Wäre es nicht eine interessante Herausforderung für junge Studenten eine neue Nutzung oder neuen Sinn oder Inhalt für schon gebaute, leer stehende Kubaturen zu finden?
SW: Professor Wurzer hat in einer seiner letzten Vorlesungen gesagt: „Ihr werdet euch noch wundern, ihr werdet nichts mehr bauen sondern nur noch umbauen.“
Sie schreiben auch: „Nutzungsneutrale Raumproportionen und Raumgrößen, eine Abkehr von rein funktionalistisch determinierten Grundrissen sind Fragestellungen. Die Implementierung wesentlicher kommunikativer Raumqualitäten in Allgemeinflächen und im Umfeld der Gebäude sowie die Vermeidung monofunktionaler Strukturen erweitern diese Thematik in das direkte Wohnumfeld.“ Dieses Zitat können Sie fast überall finden, wo Architekten über sich selbst schreiben. Dabei ist Ihr Ansatz, Vergleiche mit historischen Räumen zur Neuinterpretation von Wohnmodellen heranzuziehen, ja faszinierend. Warum schränken Sie dann in der Verbalisierung Ihre Radikalität dermaßen ein?

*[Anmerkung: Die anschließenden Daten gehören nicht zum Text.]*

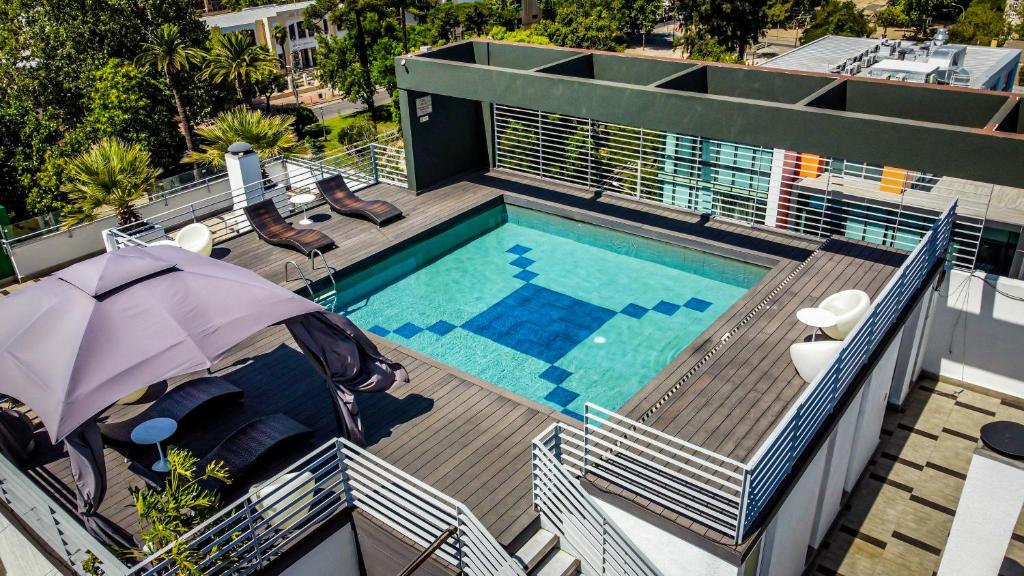 an overhead view of a swimming pool with an umbrella at Ecohotel Talca in Talca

AL: Diesen Stehsatz haben wir 1992 aufgeschrieben. Wir haben gesehen, dass spätestens nach der ersten Besprechung mit Bauträgern diese „Forderungen“ abgeschwächt, überarbeitet, wenn nicht sogar gestrichen werden. Diesen „Gemeinplatz“ umzusetzen ist in der Realität fast nicht möglich. Wir scheitern ja schon an diesem „Gemeinplatz“. Aber natürlich ist das kein PR-Text, sondern ein Arbeitspapier.
Die Vorstellung des Architekturstudenten, nach Abschluss des Studiums im Atelier zu sitzen und selbstständig zu entwerfen – das kann doch heute nicht mehr das reale Bild einer Studienrichtung sein? Die meisten Absolventen müssen sich als Bauzeichner, Taxifahrer oder sonst wie durch die nächsten Jahre über Wasser halten.
AL: Das sagen wir den Studenten ohnehin schon zu Beginn.
SW: Ich sage es unseren Praktikanten im Büro jeden Tag.
AL: Aber einen Vorteil haben die Studienabbrecher aus der Architektur auch: Durch sie entstehen jede Menge guter In-Lokale, die von „Ehemaligen“ geführt werden.
Warum wird den Architekturstudenten nicht eine breitere Sicht des Architektenberufes vermittelt? Zum Beispiel durch verpflichtende Praxis WÄHREND des Studiums, aber nicht in einem Architekturbüro? Vielleicht einer Bank oder Versicherung oder …?
SW: Bologna hat uns eine derartige Verschulung gebracht, dass das nicht mehr möglich ist.
AL: Ich werde mich dafür einsetzen, dass es ein verpflichtendes Berufspraktikum gibt.
SW: Wer gut lernt, wird schnell durch das System durchgeschleust. Dann sitzt er mit seinem Abschluss im Büro, und wenn sie ihm eine komplexere Aufgabe stellen, wo er denken muss – dann steigt er aus. Das ist die Verschulung, die zurzeit stattfindet.
AL: Das Wort „Schule“ kommt eigentlich etymologisch gesehen von „Muße“‚ nicht tätig sein (zu müssen), sich der Muße zu widmen.
Welche Methodik steckt hinter Ihrer Entwurfspraxis? Wie kommen Sie zur Idee?
AL + SW: Durch das Reden.
AL: Im Kopf nähern wir uns an die Themen an. Es gibt auch gewisse Sachen, die man mit einer Zeichnung besser klären kann. Der Entwurf entsteht jedenfalls zunächst nicht über das Zeichnen.
Kann Architektur etwas verändern?
AL: Bauherren können mit Architektur bankrott gehen.
Was wollen Sie ändern?
SW: Dass die Menschen anders mit dem was sie sehen, umgehen. Dass sie ihre Räume wahrnehmen, dass sie spüren, wo und wer sie sind, dass sie sich wohlfühlen. Menschen können sich durch Räume verändern.